Let me pull apart the words quoted above so you can see what I’m doing in the translation. The bold text shows which English words are translating which Hebrew words:
I will make your pregnancies way more grievous. הַרְבָּ֤ה אַרְבֶּה֙ עִצְּבוֹנֵ֣ךְ וְהֵֽרֹנֵ֔ךְ
I will make your pregnancies way more grievous. הַרְבָּ֤ה אַרְבֶּה֙ עִצְּבוֹנֵ֣ךְ וְהֵֽרֹנֵ֔ךְ
This is not a simple equation where English word X = Hebrew word Y. We still need to talk about each of these two words individually before we can go to work what it means to combine them.
We mentioned a while back that both the snake and the man, but not the woman, would hear the word arur ‘cursed’ aimed at them. The man and the woman, but not the snake, also share a word. It’s the first of our pair, עִצָּבוֹן itzavon
. It’s very much related to the word we’ll see as soon as we continue, the next word in the verse, עֶצֶב. Here’s how HALOT defines that word:
—1. hurt: דְּבַר־עֶצֶב a hurtful word: Pr 151
—2. strenuous work Pr 1022, 1423; pl. what is acquired with difficulty Pr 510, לֶחֶם הָעֲצָבִים bread acquired with pain, or bread of anxious toil Ps 1272, cj. Jr 1119 for עֵץ בְּלַחְמוֹ rd. ? עֶצֶב לַחְמוֹ
—3. pain (of childbirth) Gn 316 (SamP. בְּעִצָּבוֹן). †
The six occurrences listed in that definition are the only ones in the Bible (that’s what that dagger means in a Biblical Hebrew lexicon), but when I type עצב into my Accordance Bible search program I find 40 more with just those three Hebrew letters. They show up in different parts of speech, all dealing with grief or pain (or false gods). עצוב means “sad” in Modern Hebrew. These three letters bode no good!

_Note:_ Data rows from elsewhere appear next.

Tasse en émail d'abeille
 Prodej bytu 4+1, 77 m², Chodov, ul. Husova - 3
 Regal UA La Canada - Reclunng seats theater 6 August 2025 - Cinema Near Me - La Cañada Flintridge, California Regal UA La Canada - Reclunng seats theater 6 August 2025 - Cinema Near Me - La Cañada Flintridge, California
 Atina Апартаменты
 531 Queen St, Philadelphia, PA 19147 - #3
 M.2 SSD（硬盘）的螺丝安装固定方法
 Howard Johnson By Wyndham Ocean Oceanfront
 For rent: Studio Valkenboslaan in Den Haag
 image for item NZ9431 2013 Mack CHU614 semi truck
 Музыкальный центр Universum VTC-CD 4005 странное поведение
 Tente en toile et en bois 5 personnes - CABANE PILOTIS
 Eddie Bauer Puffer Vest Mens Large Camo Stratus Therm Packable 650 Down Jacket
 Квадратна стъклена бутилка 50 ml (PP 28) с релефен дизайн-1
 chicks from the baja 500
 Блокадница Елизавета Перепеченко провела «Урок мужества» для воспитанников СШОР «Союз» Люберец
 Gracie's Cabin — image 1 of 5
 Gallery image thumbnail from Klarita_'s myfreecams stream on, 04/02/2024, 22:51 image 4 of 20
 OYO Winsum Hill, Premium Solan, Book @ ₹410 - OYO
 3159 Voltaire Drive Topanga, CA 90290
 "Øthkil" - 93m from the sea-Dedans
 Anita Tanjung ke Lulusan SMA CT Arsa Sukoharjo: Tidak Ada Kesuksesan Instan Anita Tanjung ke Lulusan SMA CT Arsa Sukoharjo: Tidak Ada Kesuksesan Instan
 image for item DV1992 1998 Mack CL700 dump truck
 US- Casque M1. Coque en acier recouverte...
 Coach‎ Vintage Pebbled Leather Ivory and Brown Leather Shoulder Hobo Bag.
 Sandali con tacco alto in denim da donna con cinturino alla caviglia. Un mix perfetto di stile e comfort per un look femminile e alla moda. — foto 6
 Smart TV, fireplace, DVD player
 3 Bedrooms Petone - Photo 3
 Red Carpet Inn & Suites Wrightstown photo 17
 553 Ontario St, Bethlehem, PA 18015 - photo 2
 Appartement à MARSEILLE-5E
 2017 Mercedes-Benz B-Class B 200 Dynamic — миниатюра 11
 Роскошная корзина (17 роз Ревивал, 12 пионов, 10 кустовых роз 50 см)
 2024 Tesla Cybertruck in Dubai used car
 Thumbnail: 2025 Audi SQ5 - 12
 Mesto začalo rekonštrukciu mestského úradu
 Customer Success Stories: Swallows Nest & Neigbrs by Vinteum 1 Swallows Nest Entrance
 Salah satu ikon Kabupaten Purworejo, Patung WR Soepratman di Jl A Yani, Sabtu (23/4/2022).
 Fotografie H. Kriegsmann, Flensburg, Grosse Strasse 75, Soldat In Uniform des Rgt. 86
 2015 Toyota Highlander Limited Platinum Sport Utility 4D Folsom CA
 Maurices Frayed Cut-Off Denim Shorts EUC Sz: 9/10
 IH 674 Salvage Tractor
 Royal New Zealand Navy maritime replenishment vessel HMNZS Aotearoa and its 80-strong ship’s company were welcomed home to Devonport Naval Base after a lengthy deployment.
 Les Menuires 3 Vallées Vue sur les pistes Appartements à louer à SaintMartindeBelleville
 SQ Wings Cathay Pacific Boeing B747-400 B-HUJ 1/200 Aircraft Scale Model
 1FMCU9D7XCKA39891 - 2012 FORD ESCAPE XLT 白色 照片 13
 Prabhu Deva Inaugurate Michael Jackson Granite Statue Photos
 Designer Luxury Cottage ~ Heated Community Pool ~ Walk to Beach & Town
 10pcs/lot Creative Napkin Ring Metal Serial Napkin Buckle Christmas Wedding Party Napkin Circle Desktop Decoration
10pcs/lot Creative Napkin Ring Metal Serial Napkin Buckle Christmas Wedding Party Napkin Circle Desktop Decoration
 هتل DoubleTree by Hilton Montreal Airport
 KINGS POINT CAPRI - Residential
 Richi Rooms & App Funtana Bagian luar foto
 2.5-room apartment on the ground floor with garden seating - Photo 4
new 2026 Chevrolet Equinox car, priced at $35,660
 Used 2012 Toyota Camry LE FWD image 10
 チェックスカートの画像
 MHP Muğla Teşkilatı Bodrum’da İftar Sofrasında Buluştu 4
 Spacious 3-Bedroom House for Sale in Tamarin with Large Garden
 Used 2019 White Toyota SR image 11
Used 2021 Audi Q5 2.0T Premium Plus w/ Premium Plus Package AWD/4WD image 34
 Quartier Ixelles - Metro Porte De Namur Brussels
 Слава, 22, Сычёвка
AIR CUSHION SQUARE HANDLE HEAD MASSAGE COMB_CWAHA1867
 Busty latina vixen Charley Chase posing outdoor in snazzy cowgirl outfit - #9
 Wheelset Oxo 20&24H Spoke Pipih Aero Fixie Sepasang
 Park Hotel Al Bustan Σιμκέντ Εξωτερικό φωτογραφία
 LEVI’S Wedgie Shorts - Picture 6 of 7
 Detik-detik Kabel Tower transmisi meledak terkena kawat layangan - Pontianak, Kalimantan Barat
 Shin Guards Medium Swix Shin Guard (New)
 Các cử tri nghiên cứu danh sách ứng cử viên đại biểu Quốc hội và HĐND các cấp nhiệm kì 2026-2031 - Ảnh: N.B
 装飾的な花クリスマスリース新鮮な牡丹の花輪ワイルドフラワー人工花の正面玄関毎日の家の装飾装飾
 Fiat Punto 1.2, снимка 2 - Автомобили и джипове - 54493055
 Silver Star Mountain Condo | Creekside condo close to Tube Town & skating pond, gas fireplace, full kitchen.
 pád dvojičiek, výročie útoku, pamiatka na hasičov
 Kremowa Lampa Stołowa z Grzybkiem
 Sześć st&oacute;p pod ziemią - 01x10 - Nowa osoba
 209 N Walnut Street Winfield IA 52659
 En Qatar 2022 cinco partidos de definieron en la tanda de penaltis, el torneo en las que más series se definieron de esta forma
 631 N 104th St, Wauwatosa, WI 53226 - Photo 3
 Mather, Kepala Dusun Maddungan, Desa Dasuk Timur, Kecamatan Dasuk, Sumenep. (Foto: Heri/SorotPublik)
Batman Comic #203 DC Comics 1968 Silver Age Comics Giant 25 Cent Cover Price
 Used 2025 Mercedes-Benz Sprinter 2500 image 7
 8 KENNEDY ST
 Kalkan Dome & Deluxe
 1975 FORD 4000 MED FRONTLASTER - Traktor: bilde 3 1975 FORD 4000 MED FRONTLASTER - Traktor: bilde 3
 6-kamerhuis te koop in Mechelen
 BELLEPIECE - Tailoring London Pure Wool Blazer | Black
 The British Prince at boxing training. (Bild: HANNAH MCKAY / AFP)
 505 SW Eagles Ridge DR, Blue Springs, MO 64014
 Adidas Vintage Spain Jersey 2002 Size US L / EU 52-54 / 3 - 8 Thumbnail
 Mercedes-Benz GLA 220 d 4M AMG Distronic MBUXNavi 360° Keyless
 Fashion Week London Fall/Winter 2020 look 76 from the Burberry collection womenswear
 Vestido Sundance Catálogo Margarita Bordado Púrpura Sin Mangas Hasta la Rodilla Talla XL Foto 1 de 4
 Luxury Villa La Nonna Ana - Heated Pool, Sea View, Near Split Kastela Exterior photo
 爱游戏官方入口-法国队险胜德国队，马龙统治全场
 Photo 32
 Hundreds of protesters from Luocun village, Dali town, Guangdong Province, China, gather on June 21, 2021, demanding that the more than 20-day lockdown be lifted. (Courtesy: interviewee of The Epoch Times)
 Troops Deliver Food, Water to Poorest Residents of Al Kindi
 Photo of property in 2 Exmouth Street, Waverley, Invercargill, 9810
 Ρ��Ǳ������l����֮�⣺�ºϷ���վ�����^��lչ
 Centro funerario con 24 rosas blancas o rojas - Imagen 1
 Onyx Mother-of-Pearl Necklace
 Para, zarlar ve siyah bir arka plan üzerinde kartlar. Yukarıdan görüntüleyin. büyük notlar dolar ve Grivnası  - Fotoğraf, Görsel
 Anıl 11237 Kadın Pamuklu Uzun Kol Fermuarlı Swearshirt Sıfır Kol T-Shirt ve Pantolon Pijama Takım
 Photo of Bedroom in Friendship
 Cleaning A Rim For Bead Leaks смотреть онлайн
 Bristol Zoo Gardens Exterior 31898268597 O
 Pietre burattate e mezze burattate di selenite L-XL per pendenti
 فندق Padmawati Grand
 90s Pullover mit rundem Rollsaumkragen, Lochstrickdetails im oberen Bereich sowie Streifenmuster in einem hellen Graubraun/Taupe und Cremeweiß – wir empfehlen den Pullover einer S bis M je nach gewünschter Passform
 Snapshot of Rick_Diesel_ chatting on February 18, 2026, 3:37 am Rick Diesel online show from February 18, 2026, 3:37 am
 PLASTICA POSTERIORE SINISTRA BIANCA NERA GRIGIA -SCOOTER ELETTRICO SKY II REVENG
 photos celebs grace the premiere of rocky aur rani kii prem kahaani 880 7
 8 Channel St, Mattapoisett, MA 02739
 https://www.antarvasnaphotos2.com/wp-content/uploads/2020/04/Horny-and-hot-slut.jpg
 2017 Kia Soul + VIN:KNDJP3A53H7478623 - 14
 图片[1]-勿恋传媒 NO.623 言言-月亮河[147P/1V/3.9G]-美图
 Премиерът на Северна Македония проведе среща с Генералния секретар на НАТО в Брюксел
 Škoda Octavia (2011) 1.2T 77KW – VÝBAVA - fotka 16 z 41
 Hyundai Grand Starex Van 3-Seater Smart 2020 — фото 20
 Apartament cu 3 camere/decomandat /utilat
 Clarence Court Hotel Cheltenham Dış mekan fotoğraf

Our particular word, itzavon, occurs just twice more in the Bible, once in the very next verse and once, thankfully, in Gen 5:29, when Noah is born, given that name “because he will relieve us from our itzavon.” Much more on that phrase when we get there, but you can see that from a literary perspective it’s connecting the Flood story (of which Noah is the hero) to the Garden story that we’re reading right now. Because it’s used in this verse with regard to pregnancy, I’ve translated it to say that pregnancy will now become more grievous for her. That English word seems to combine difficulty, pain, and sadness into one package.
That’s dependent on understanding the next word as “pregnancy,” which not everyone does. The NRSV and NJPS both translate our phrase as “your pangs in childbearing” (not “pregnancy”). Surprise! It’s a hapax legomenon.